Monday, December 28th, 2015

Recipe: carne adovada empanadas

The last week of December – that time between Christmas and the new year – always tends to be one of the busiest at the ski resorts. Lots of people take time off for the holidays and head to the slopes with their families and extended families and friends. After the last good powder day on Christmas, we’ve switched from skiing the mountain to hitting the Nordic trails. The big storm tracks have cleared out and the trails are firming up under bluebird skies for some great skate ski conditions. It’s such a great workout that single digit (Fahrenheit) temperatures actually feel pretty good, unless you stop moving… then it gets quite cold quite fast.


jeremy wears two passes: his and neva’s



I’m also using this opportunity to work on some baby quilts. Actually, LOTS of baby quilts – some of which are for babies that aren’t babies anymore, but bona fide kids! I may be years late, but the sentiment is there. Plus, I carried two of my baby blankets around with me until… well, I have them in my bedroom now. These are flannel rag quilts because I don’t have the skill or time to make anything more complicated.

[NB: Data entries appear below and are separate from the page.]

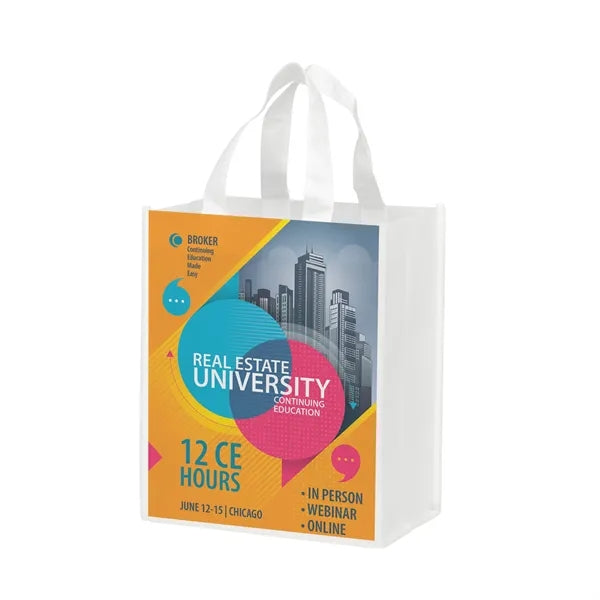 Plant Based Non-Woven Sublimated Tote Bag 8" x 5" x 10"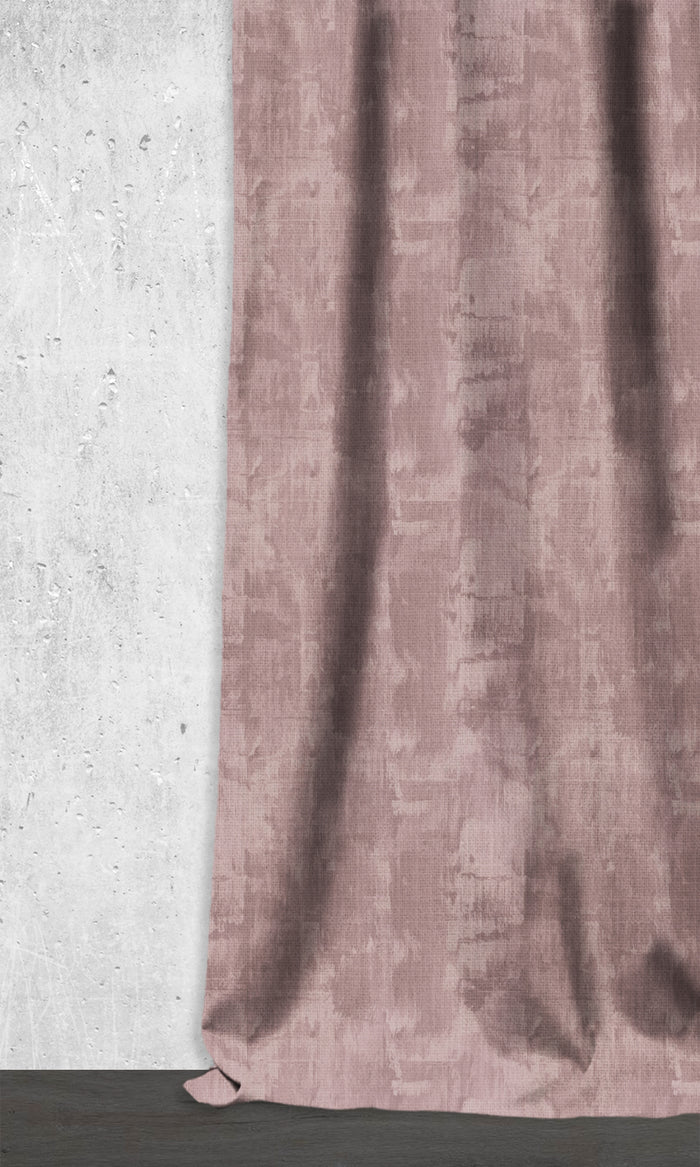Modern Striped Window Treatments Fabric By the Metre (Blush Pink)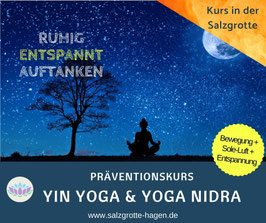 Do, 20.00 Uhr: Yin Yoga & Yoga Nidra Präventionskurs - 8 Wochen-Kurs mit 80-100% Krankenkassen-Erstattung: Do, 04.12.25-12.02.26 (8x)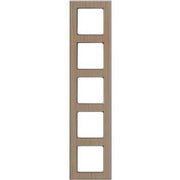 Peha - Abdeckrahmen Rahmen 5-fach D 20.675.201.702 Holz eiche-alu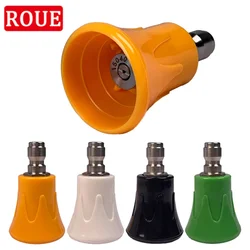 1/4 Pressure Washer Nozzle for Water Gun Household Sheath Nozzle for Cars Stainless Steel Splash Proof Sheath Nozzle Washer Tips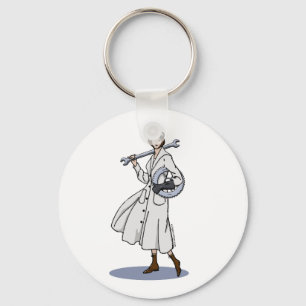 Steampunk Engineer Sleutelhanger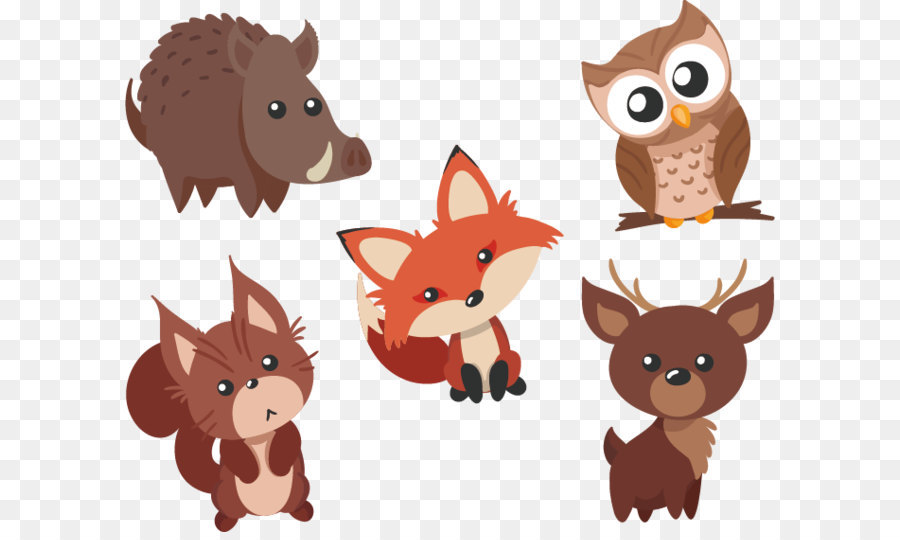 900x540 Cute Animals Vector Material Waibo Png Download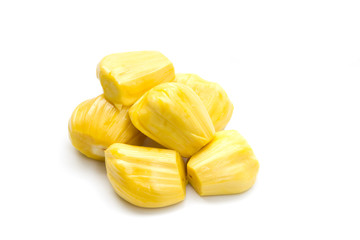 Jack fruit isolated on white background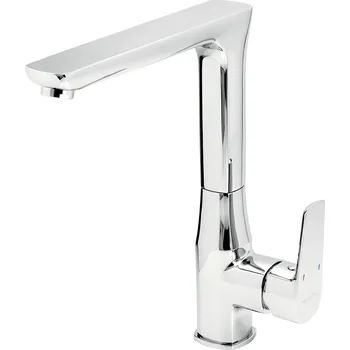 NOVASERVIS Dřezová Baterie METALIA 58 (Černá Matná), Otočné Rameno 19,2 cm, V. 28 cm, Keramická Kartuše 35 mm Barva: Chrom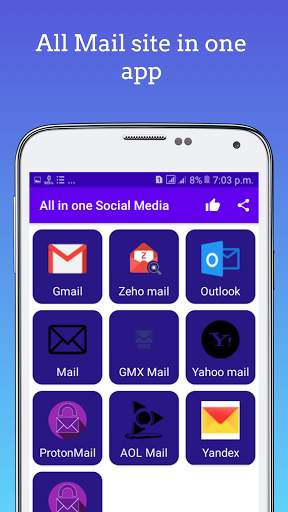 All in one social media and social network app screenshot 7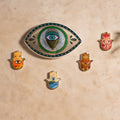 Protective Abundance Evil Eye Ceramic Wall Blessing 2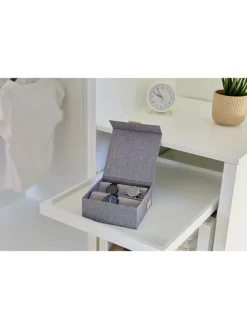 STORE IT Kisten & Körbe<Uhrenbox ''Premium'' in Grau - (B)16,5 x (H)7 x (T)16,5 cm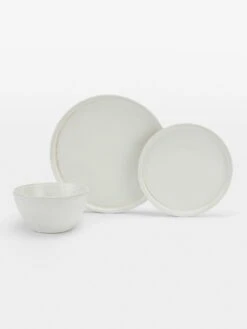 WATERSIDE White Reactive Glaze 12-Piece Dinner Set -Oleu Furniture Shop VKEIU SQ3 0000000088 NO COLOR SLd1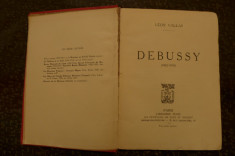 Debussy de Leon Vallas Ed. Plon Paris 1926 foto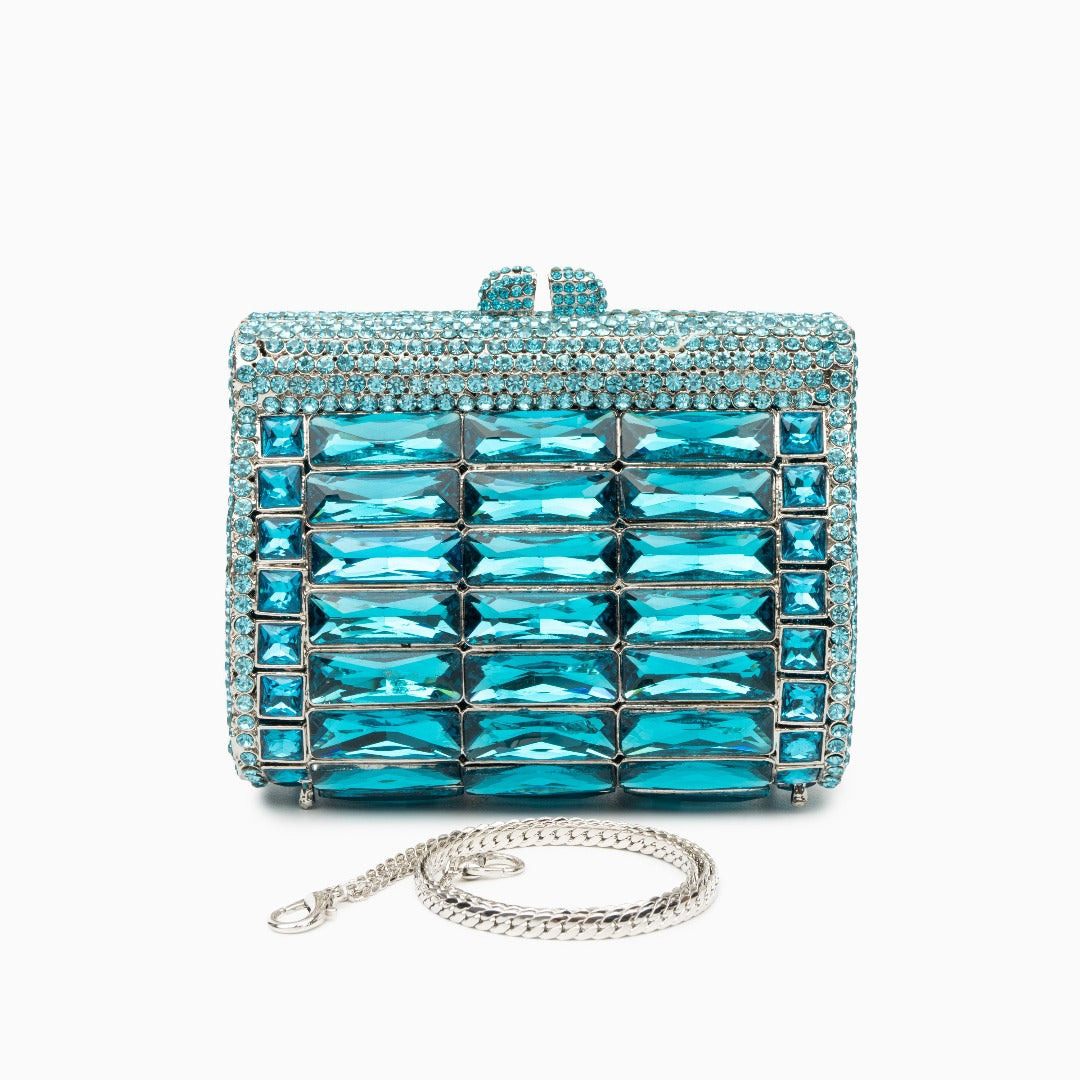 Aquamarine Prism Gem Clutch – FIORENE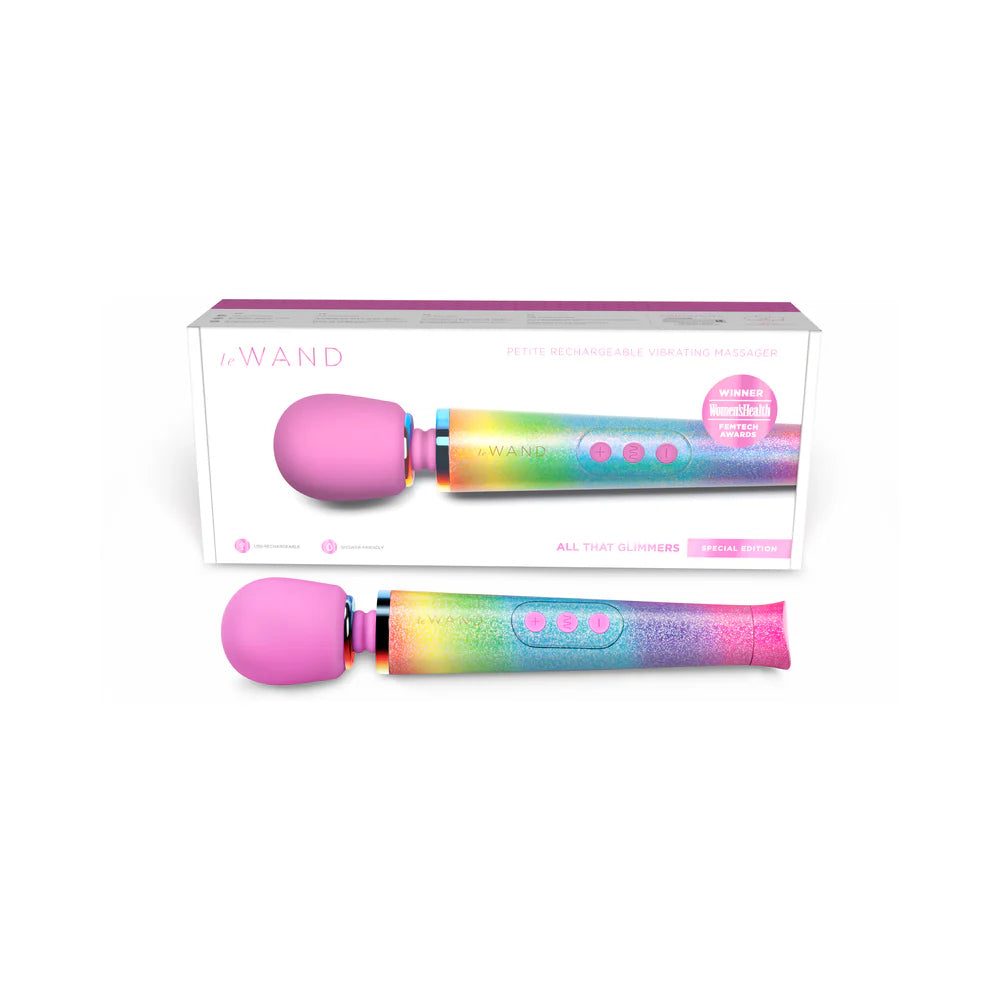 Le Wand Petite All That Glimmer Silicone Wand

Squares are good enough for me.

soft and colorful fabrics



The neat thing about this period before the new year is that parties seem to have an “anything goes” theme. Festive, yet not necessarily Christmas. I rather like that. It’s all about celebrating the end of 2015, looking ahead to 2016, and eating empanadas. Last month I made a big batch of carne adovada and decided to save some out to make empanadas. These are not traditional in any sense, just a New Mexican take on the revered empanada which turned out to be pretty darn delicious.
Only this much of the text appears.